Commonwealth opens $5.6 billion ICT spending for SMEs

Federal assistant minister for digital cities, Angus Taylor, has weighed in behind small-to-medium enterprises under moves that increase access to the Commonwealth’s $5.6 billion ICT spending program.

Angus Taylor, assistant minister for digital cities, foreshadows closer engagement with SMEs to source the Commonwealth’s $5.6 billion annual spending program.

Federal assistant minister for digital cities, Angus Taylor, has weighed in behind small-to-medium enterprises under moves that increase access to the Commonwealth’s $5.6 billion ICT spending program.

This engagement involves submissions to an ICT Procurement Taskforce enquiry that will hand down findings in the New Year.

According to Taylor, the administration does not have the same “rivers of gold” that marked past procurement.

“Particularly with the Australian government, we had rivers of gold well beyond when other governments had them, so we got used to the idea that there was always money there to do something new. Well the truth is now, there’s not.”

He told a Canberra forum government spending represented a big number. “But the cost doesn’t end with that, because the other cost we load up is the cost to industry. We have about 70 ICT panels and that costs, we reckon, about $700million for you to manage.”

Moreover, procurement was not strategy-led. While tenders were tightly-scripted, these discouraged innovation. “The result is we get far less from a group of extraordinarily innovative creative entrepreneurial people.”

With digital services, Taylor said “Houston we’ve got a problem.” This is marked by citizens’ inability to navigate on-line services in an intuitive environment.
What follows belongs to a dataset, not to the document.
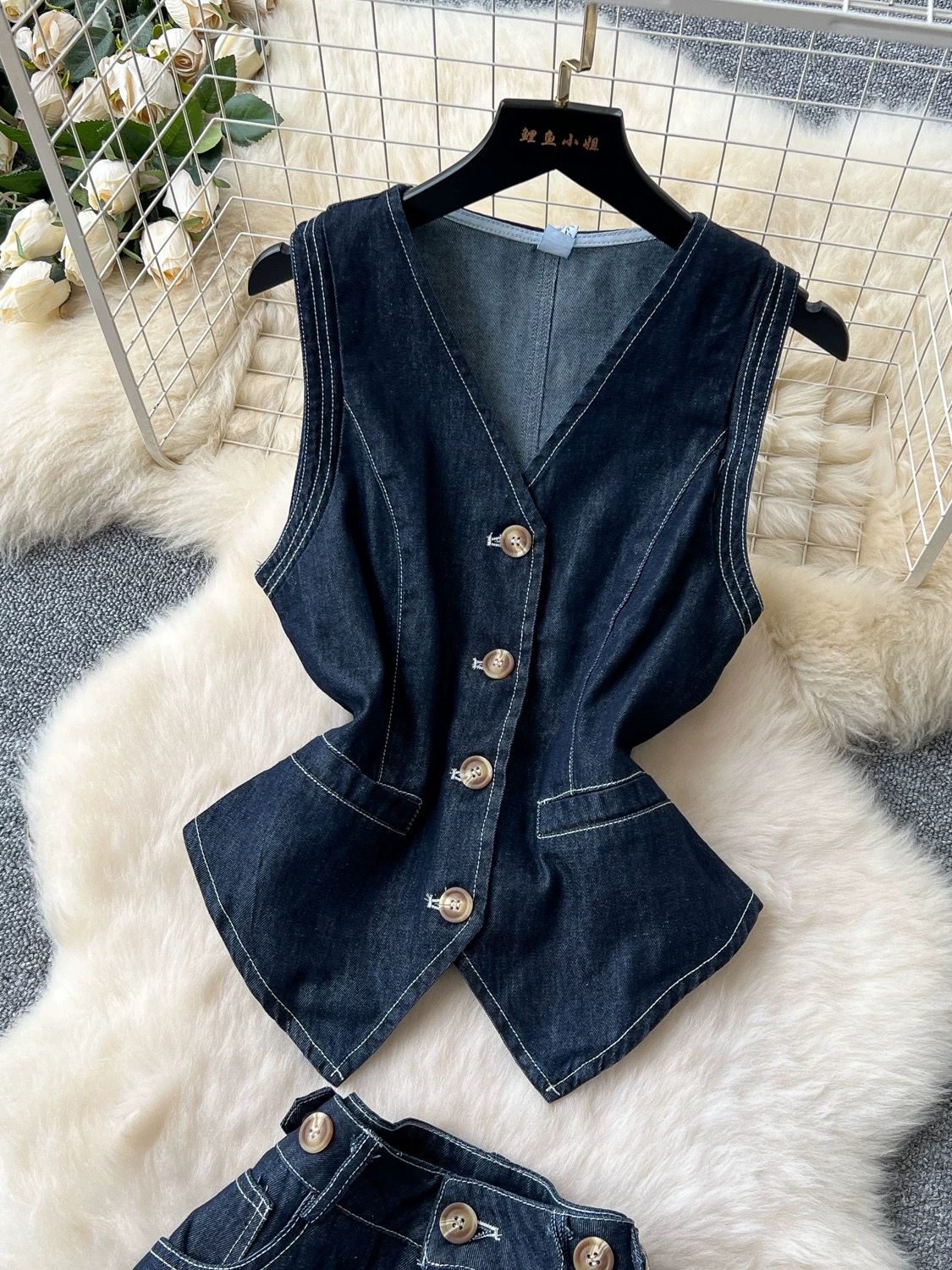 Party goes on set DTP235 images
Planners needed to get the basis right, around the cloud, software robotics, internet of things, and advanced data analytics. “We’re not at that level. We’ve got to get these basics right first and that’s what we’re focused on.”

There were ongoing problems to solve. These incorporated governance, existing rules, as well as the technical delivery. Broader questions revolved around final ownership of ICT solutions, together with clearly-defined partnerships.

Industry-led business models needed to solve problems, said Taylor. This engagement would offer fresh perspectives, while delivering on the promise of agency-wide cost-savings.